This is the Storybricks magic, the NPC world “remembering” you and your actions and responding accordingly.  And it sounds great.  But this will be the big test.  The logic of, say, kobolds moving away when then get pounded on in one location seems realistic enough.  But what happens when the keep getting pounded and keep moving further and further off?  Will all enemies end up living in a distant periphery around every collection of players?   Or will we just be chasing them around in a circle in a specific area?  Or will they give up and disband only to reform fresh and untainted.

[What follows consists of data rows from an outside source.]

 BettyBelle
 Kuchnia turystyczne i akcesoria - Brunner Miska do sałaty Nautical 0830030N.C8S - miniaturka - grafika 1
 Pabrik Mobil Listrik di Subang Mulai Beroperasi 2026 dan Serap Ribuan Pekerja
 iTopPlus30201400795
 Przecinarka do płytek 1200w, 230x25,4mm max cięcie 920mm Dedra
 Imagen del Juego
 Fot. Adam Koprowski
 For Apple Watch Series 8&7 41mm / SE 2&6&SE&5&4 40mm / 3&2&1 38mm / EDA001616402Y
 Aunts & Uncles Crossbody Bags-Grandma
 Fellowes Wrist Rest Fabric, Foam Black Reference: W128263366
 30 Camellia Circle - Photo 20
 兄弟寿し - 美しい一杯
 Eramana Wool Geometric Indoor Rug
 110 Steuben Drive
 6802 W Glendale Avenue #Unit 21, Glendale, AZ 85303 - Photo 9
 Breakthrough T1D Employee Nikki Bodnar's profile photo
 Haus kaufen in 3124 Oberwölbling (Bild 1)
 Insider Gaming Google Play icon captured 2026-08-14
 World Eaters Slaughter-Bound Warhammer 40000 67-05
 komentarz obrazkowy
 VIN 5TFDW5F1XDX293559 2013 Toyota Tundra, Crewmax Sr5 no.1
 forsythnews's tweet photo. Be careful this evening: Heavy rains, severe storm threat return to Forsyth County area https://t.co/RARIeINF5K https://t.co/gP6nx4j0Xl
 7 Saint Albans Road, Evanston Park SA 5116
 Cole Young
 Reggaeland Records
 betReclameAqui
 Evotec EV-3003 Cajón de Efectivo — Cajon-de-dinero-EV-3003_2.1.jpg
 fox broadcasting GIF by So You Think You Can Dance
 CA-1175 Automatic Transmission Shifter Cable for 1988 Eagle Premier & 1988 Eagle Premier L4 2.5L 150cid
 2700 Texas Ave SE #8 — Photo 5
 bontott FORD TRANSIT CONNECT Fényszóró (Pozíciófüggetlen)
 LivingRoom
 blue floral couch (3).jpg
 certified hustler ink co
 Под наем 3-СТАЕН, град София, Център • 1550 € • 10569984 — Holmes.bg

I just remember Richard Garriott and others talking about their whole balance of nature ecology plan for Ultima Online and how players never saw it because they slaughtered all the wildlife and scraped all the resources like a plague of locusts.  Will we overwhelm the emergent AI?

User Interface

Being somewhat under the spell of Skyrim at the moment, I appreciated the lack of things on screen.  Is that how things will end up looking when the game ships?  No idea.  Does the UI shown mean that EQN is destined for the PlayStation 4 as well?  I wouldn’t bet against it.

Graphic Style

The style is stylized.  But they said it would be way back when.  And I am honestly happier with that than I was with the uncanny-valley baiting pseudo-realistic character models that came with EQII.  I suppose the big draw of playing frogs or rats or cats in EQII was that they did not look as painfully awkward at times.

Kerra in Stormwind Armor

Kerran in Stormwind Armor

Armor, looking stylized, was immediately comparable to armor in WoW, at least to my mind.  Not a bad thing I suppose, but it does come with some emotional baggage at this point.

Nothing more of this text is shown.